Every line of the entries below from the one containing "από 500 αυτοκίνητα" to the one containing "Đề nghị di dời", both ends included, must be written out exactly. No other line belongs in the answer.

> [SUPPLIED MATERIAL]:
-=-=-

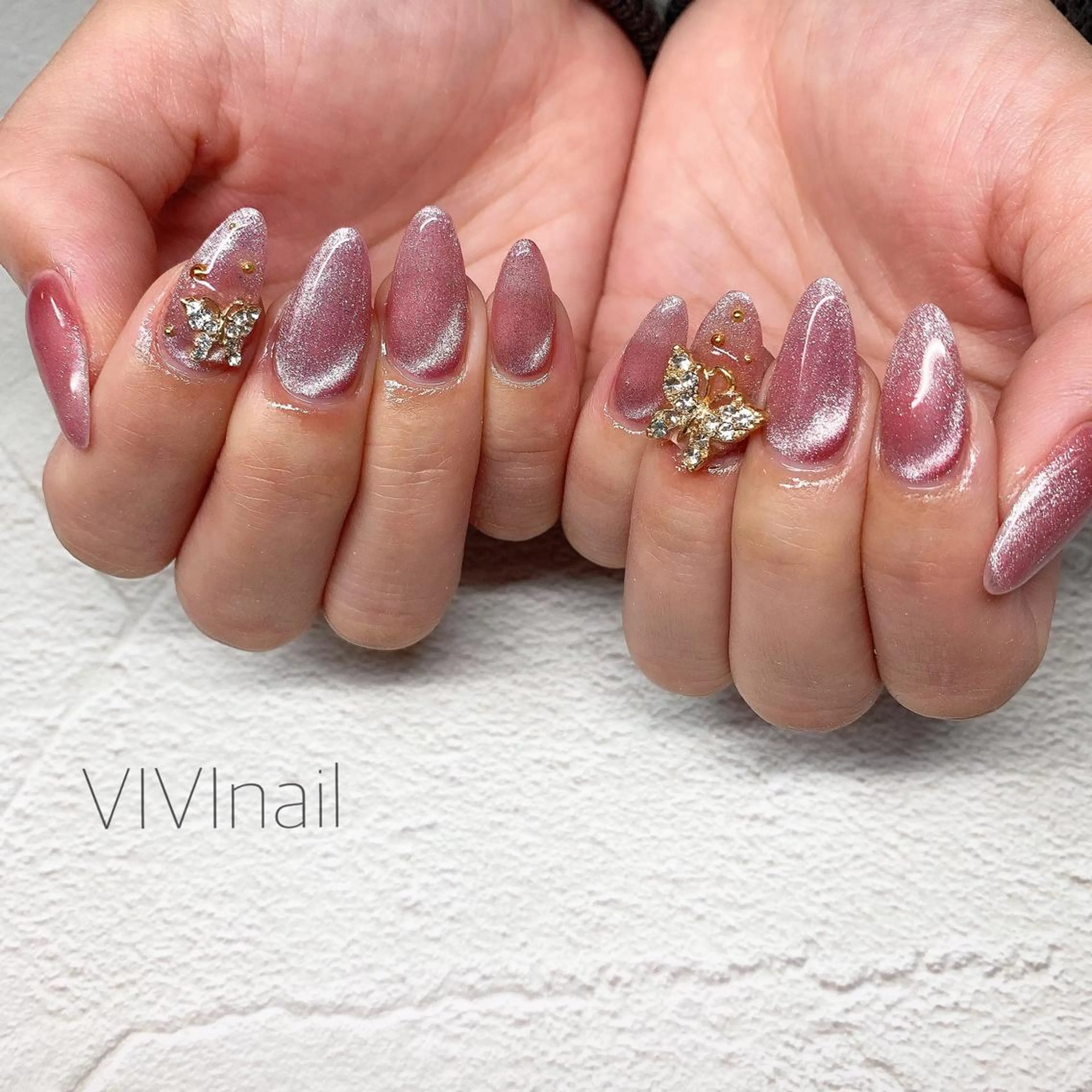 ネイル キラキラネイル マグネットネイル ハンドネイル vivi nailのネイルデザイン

-=-=-

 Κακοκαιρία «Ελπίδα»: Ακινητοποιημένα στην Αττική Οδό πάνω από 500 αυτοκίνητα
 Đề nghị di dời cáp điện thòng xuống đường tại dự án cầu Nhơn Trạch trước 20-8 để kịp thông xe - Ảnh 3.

-=-=-

> [ANSWER TO THE EXERCISE]:
 Κακοκαιρία «Ελπίδα»: Ακινητοποιημένα στην Αττική Οδό πάνω από 500 αυτοκίνητα
 Đề nghị di dời cáp điện thòng xuống đường tại dự án cầu Nhơn Trạch trước 20-8 để kịp thông xe - Ảnh 3.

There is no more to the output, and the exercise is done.